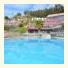 Cabo Girão Aparthotel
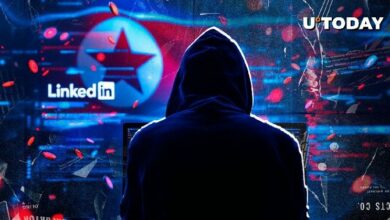 قراصنة كوريا الشمالية يهاجمون القطاع التشفيري ببرمجية BeaverTail الخبيثة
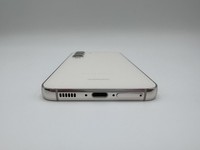 Samsung Galaxy S23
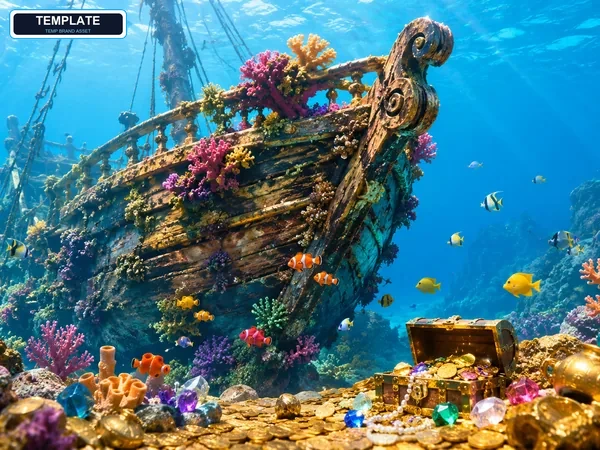 Dragon Fishing screenshot 4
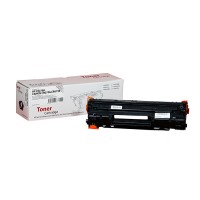 PRINTPEN XBox HP CE278A & CRG-726, CRG-728  (2.1K)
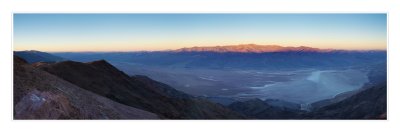 Art Poster_Death Valley Sunrise Dante Point_12x36 copy.jpg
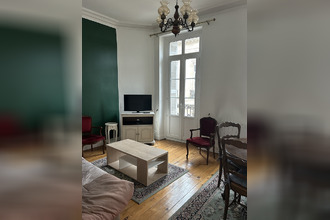 location appartement bordeaux 33000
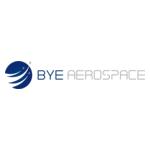 Logo Bye Aero Full %281%29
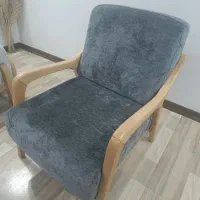 استخدام فوری در مبلمان راحتی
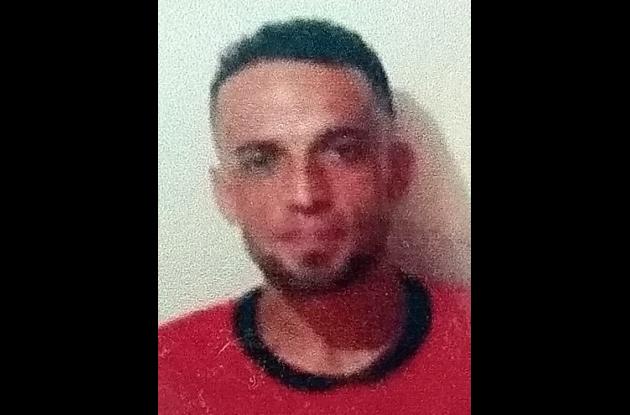 INVESTIGAN SI SAMANE�O ASESIN� A SU VECINO DE CUARTO POR VENGANZA EN CARTAGENA.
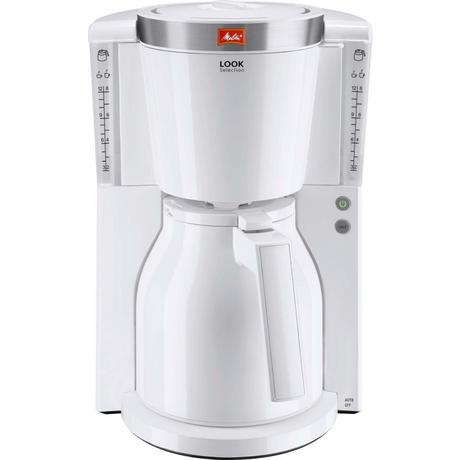 ABB Stotz S&J Melitta SDA Kaffeeautomat 1011-11 ws  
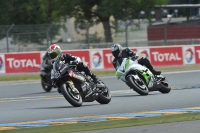 2nd-and-3rd-august-2012;event-digital-images;france;le-mans;motorbikes;no-limits;peter-wileman-photography;trackday;trackday-digital-images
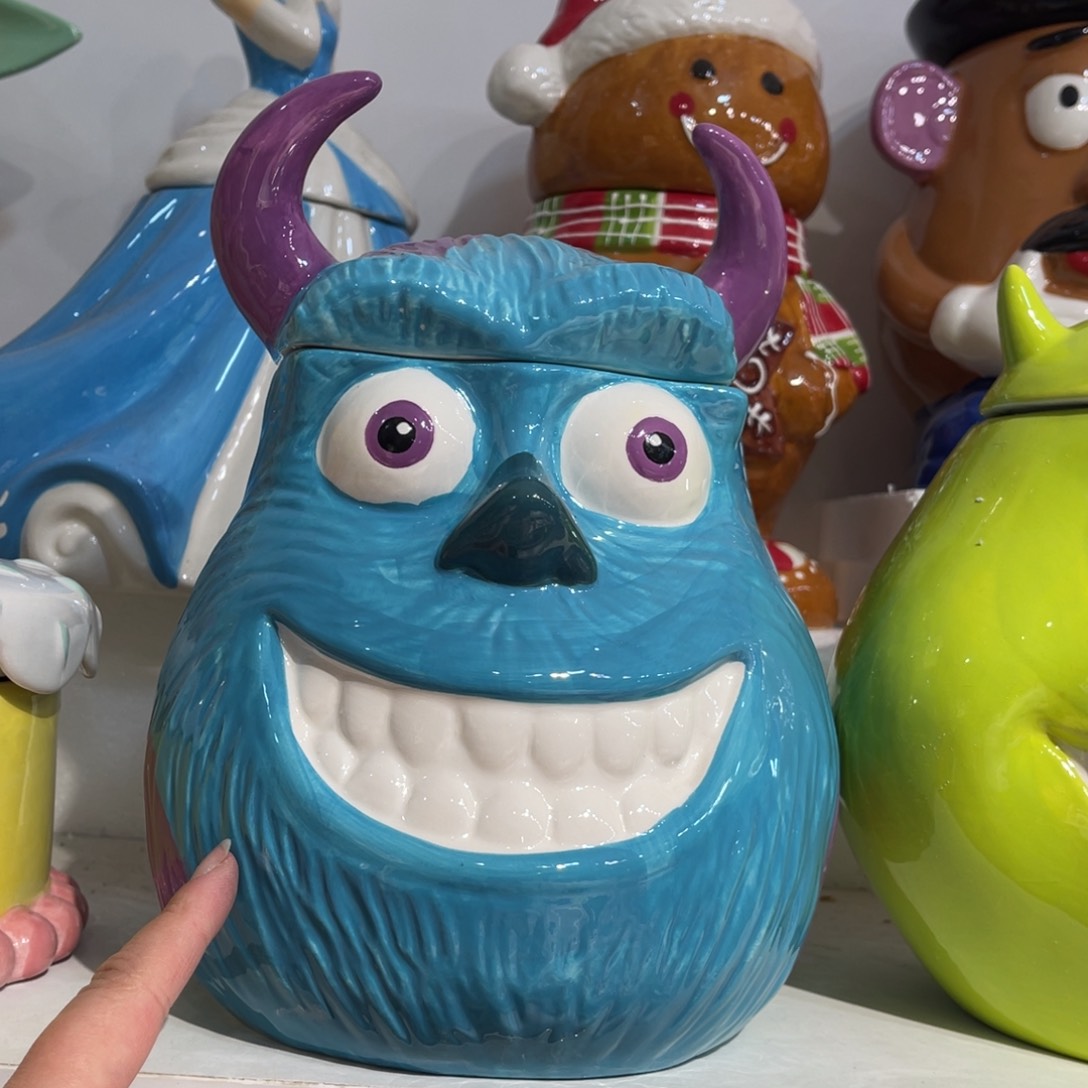 陶瓷陶瓷陶瓷陶瓷陶瓷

****

REQUIRED WORK>
Transcribe, word for word, only the material from its opening line through the line containing "Art Poster_Death Valley", both ends included, and omit the pictures.

EXERCISE RESULT>
 Cabo Girão Aparthotel
 قراصنة كوريا الشمالية يهاجمون القطاع التشفيري ببرمجية BeaverTail الخبيثة
 Samsung Galaxy S23
 Dragon Fishing screenshot 4
 PRINTPEN XBox HP CE278A & CRG-726, CRG-728  (2.1K)
 Art Poster_Death Valley Sunrise Dante Point_12x36 copy.jpg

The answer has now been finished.